Perhaps  that's  one  reason  why  it  didn't  feature  more  highly  in  the  poll; there  is  too  much  of  the  late  seventies  in  there  for  people  who've  no  idea  who  Clive  Jenkins  was. Certainly  corporate  culture  has  moved  on  from  the  days  of   Reggie's  appalling  boss  C.J.  ( John  Barron ) whose  pompous  self-adoration  - "I  didn't  get  where  I  am  today"   and  sadistic  deployment  of  whoopee  cushions  was  enough  to  put  me  off  working  in  the  private  sector  for  life. These  days  you're  more  likely  to  encounter  a  character  like Reggie's  ghastly  son-in-law Tom  ( Tim  Preece  then  Leslie  Schofield )  a  Guardian  reader  concerned  with   outward  political  correctness  but  really  just  a  venal  hypocrite.  The  series  is  also  very  male-centric ; there's  nothing  misogynistic  about  the  portrayal  of  the  female  characters  - the  ones  we  meet  anyway - but  they're  not  very  interesting  either.

I  think  the  main  reason  though  was  the  fact  that  it  didn't  quit  while  it  was  ahead. Nobbs  wrote  a  third  book  "The  Better  World  of  Reginald  Perrin"  and  this  was  dramatised  as  the  third  series  at  the  end  of  1978.  Where  I  came  in  was  a  repeat  of  the  earlier  series  to  build  up  anticipation  for  this  third  instalment. Unfortunately  it  was  only  OK-ish.
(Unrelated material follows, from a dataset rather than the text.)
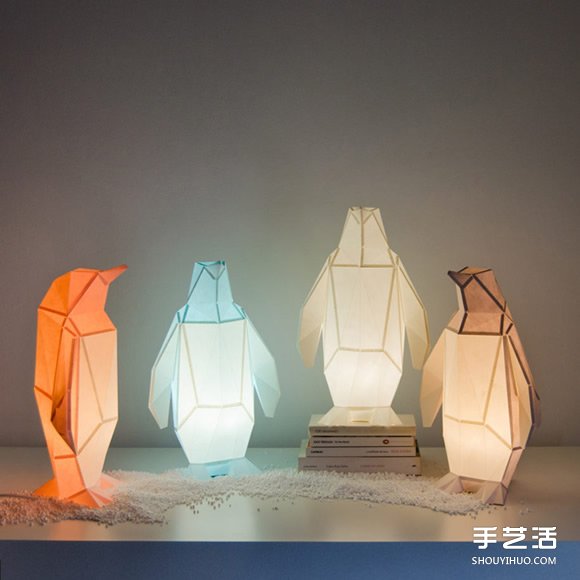 受折纸艺术的启发 可自己组装的纸糊动物灯具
Reggie  gathered  all  the  other characters  together  to  set  up  a  commune  called  "Perrin's"  for  distressed  middle  age  people. It  had  its  moments  but  the  concept  seemed  a  bit  tired  ; we  were  at  the  wrong  end  of  the  decade  for  a  satire  on  communal  living. The  setting  was  claustrophobic  and  the  catch  phrases  seemed  tired.

Worse  was  to  follow. Rossiter  died  in  1984  and  that  seemed  to  rule  out  any  return  for  Reggie  but  twelve  years  later  Nobbs  and  the  BBC  contrived  The  Legacy  of  Reginald  Perrin  which  gathered  together  most  of  the  old  cast   for  seven  episodes  seemingly  hell  bent on   trashing  the  memory. It  was  universally  derided.  The  2009  re-make  (  after  the  poll  of  course )  with  Martin  Clunes  as  Reggie  didn't  fare  much  better.